Employers have brand-new legal obligations to reasonably accommodate workers expanding their families. The EEOC just announced expansive new proposed regulations that may require leave for everything pregnancy-related. Think infertility, stillbirth, abortion, menstruation, and maybe menopause leave. Plus, there’s a requirement that your pregnant employees be provided with reasonable accommodations that allow them to continue working up to giving birth. These reasonable accommodations can be something as simple as allowing late arrival for scheduled shifts due to morning sickness or providing unpaid leave after giving birth even if no paid leave is available or the employee isn’t eligible for unpaid FMLA leave. If a reasonable accommodation is available, you can’t choose to send the employee home on unpaid leave instead if she wants to work.
In addition, you must reasonably accommodate postpartum conditions and complications until the new parent is ready to resume work. That’s true whether she’s out of FMLA leave or not entitled to it. For example, an employee who undergoes a cesarean section and has complications from that surgery may have to be allowed more time off than she has available as a reasonable accommodation. Think of it as a new form of maternity leave.

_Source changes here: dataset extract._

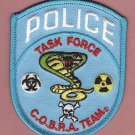 NYPD New York City Police Cobra Team Counterterrorism Training Unit Patch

Then, when she does return, you’re also required to provide a facility where, for up to a year following birth, she can safely and privately express milk for the new infant and do so as often as she needs to. That means unlimited breaks during the workday are now a federal requirement — with some specific provisions for when that time must be paid. What’s more, you have only 10 days after a request for a milk expression break room to provide one. On day 11, the employee can file her federal lawsuit. The litigation has already started with a class action for allegedly forcing new mothers to express in the breakroom or the back of a truck.